By Chuck Leddy
It’s a rather bold statement – demand gen beats lead gen. How did we get there? Marketing technology may be driving more efficiency, helping marketers drive a higher quantity of leads. But what martech isn’t necessarily driving is higher quality leads that convert to more revenues and higher lifetime customer value. Ironically, the martech-enabled ease of automating marketing campaigns to track customer interactions and generate leads may be causing marketers to give priority to lead quantity over lead quality. All while potentially eroding customer experience and long-term trust. More isn’t necessarily better.
As John Webb, Managing Director of Dennis Publishing, explained at Ignite London 2020 (a virtual event hosted by B2B Marketing), “only 27% of leads ever get contacted,” while 4 out of 5 leads never turn into any revenue. The problem here isn’t the quantity of leads, but lead quality and how marketers are following up and converting those leads (or failing to). The solution, says Webb, is clear: marketers should move away from a focus on lead gen and instead broaden their scope to embrace demand generation, using content, data, and AI to build a demand engine to stimulate more quality leads that convert to more revenues. How can marketers do this? Webb detailed a 5-step process in his presentation:
Step 1: Start by holistically understanding the B2B buyer’s journey
The B2B buyer’s journey is increasingly complex, including more touchpoints and stakeholders than ever before. Webb notes that “the B2B buying journey is 20% longer today than just 5 years ago,” which only adds to the challenges marketers face in navigating it. And as we referenced earlier, while lead quantity may be growing (aided by martech/automation), lead quality is not.
Marketers need to first map out their buyer’s full journey, then look for opportunities to move the customer forward in that journey through providing helpful information and insight. Demand generation is all about making it easier for customers to buy from you. Typically, helping customers comes first and the buying comes later in the journey.
Step 2: Understand that demand gen is a process, not a one-time event
Think of demand gen as a 4-step process: (1) understand what the customer’s goals; (2) engage and educate the customer so she can achieve her goals; (3) qualify the customer and convert (this is lead gen); and (4) amplify and strengthen the relationship over time. As Webb explains it, “marketers should be growing the demand across the buyer’s journey: it’s about the overall experience we’re giving them” and not just closing a lead. Whereas lead gen can feel transactional and short-term to customers, demand gen is relational and long-term.

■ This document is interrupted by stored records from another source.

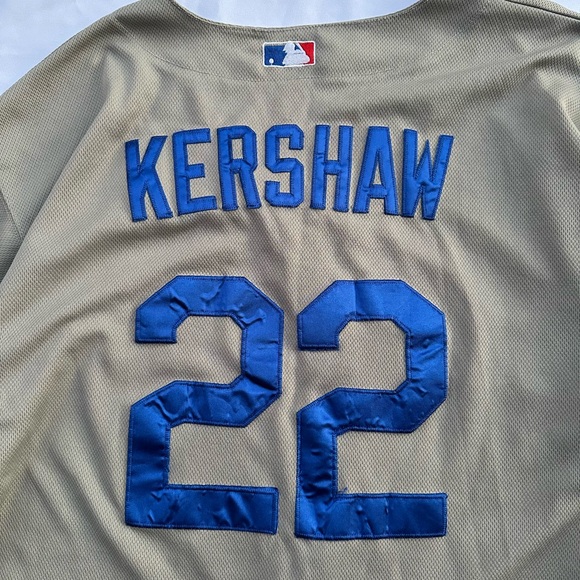 Clayton Kershaw Dodgers 50th Anniversary Grey Road Jersey Size 54 (XXL) - Picture 10 of 13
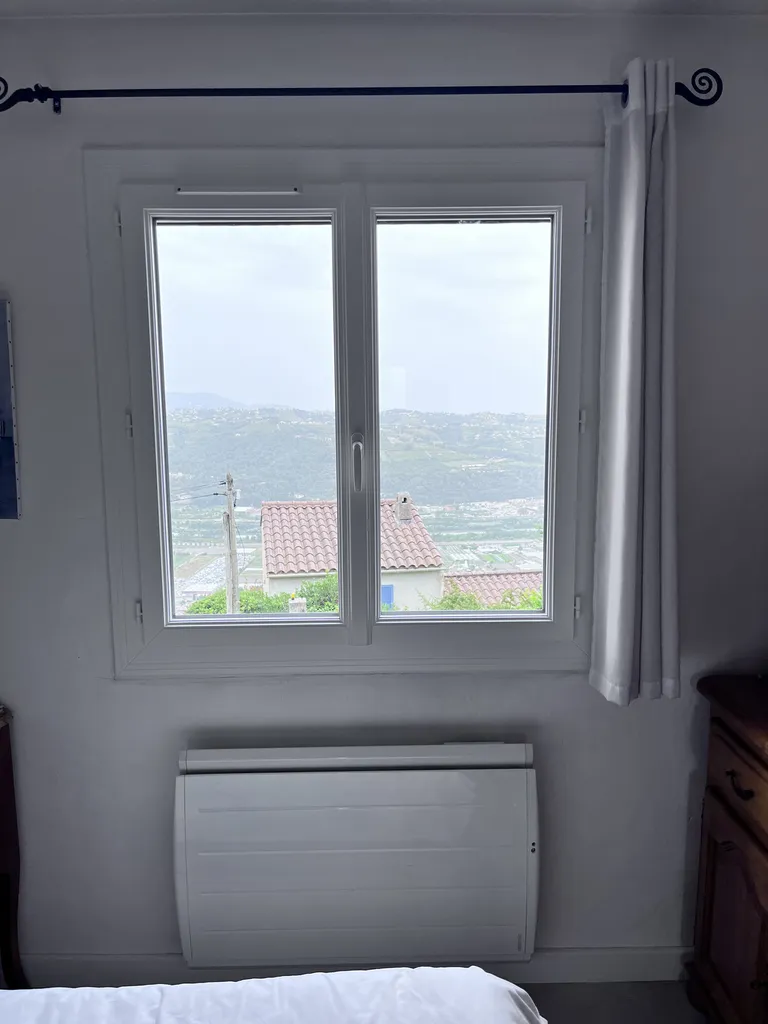 Fenêtres PVC sur mesure à Contes près de Nice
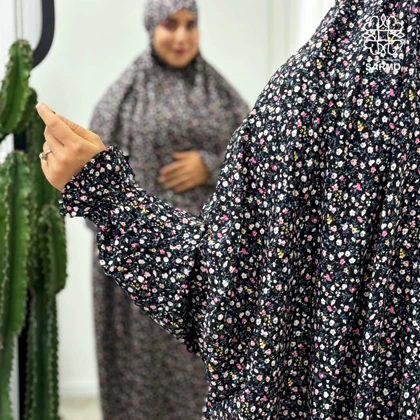 چادرنماز آستین‌دار گل آذین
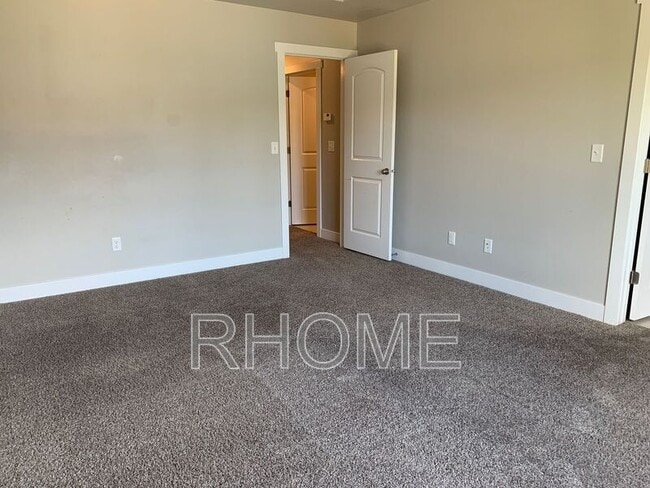 Building Photo - 981 N Apple Seed Ln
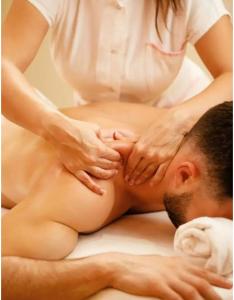 642870339: Chica busca chico en Cuenca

Demand gen’s goal is to stimulate a sustainable number of quality leads. Marketers do so by helping customers make better buying decisions.
“With demand gen,” says Webb, “you’re continuously nurturing, educating and engaging the customer: demand gen is always-on, whereas lead gen is more off and on.”
Step 3: Create your demand gen engine
When you provide real value to customers in the form of helpful content, they return the favor by purchasing. Of course, marketers will need multiple channels to offer content to customers, including email newsletters, social media, ads, and more. “The goal of demand gen is to capture the customer’s permission and data,” says Webb, which enables marketers to plug that data into their martech stacks in order to drive efficiency and more personalize interactions. Marketing shouldn’t be done “to” customers, but “with” them.
Increasingly, the B2B buyer’s journey is digital. In fact, notes Webb, “67% of B2B journeys are now happening digitally.” So marketers need to nurture digitally too, because “96% of your website visitors aren’t ready to buy immediately,” notes Webb. They are seeking information and insight to help them buy, which marketers must provide via content to move the journey forward.
Step 4: Leverage the right content to stimulate demand
Think of content as a guide helping your customers move forward in their buying decision. Web recommends that marketers “help customers understand the problem they’re seeking to solve; educate them on how they can approach solving the problem; and support them in their decision about how to solve the problem.”
Content must combine empathy — a clear understanding of customer pain points — with a positive, solutions-oriented approach to providing help. Content must also be tailored to where the customer happens to be in their buying journey: one size doesn’t fit all customers and touchpoints.
Step 5: Learn and apply lessons from your data to inform content
Data, especially a data-enabled examination of historical patterns of customer behavior, can empower marketers in multiple ways:
- Deploy data to create customer profiles and segments to better target content.
- Leverage data to better understand the sequence of steps buyers take to reach a buying decision
- Use content to accelerate that buying process every step of the way
“Marketers can leverage these data-enabled insights to fine-tune demand generation and move buyers along the journey,” says Webb.
The result? More quality leads: nurtured leads result in purchases that are 47% larger, notes Webb, and also creates more sustainable customer relationships.
The takeaway is that you shouldn’t focus on quantity and sacrifice quality, but you should instead seek to stimulate demand (demand gen) at every step of the buyer’s journey, which leads to higher conversion rates, larger B2B purchases, and higher marketing ROI. Doing demand gen right will take a more holistic approach – customers, data, martech, and content. Doing it right also leads to more conversions, more revenues, and more long-term relationships with customers based on an ongoing, mutual exchange of value. That’s the gold standard in B2B marketing.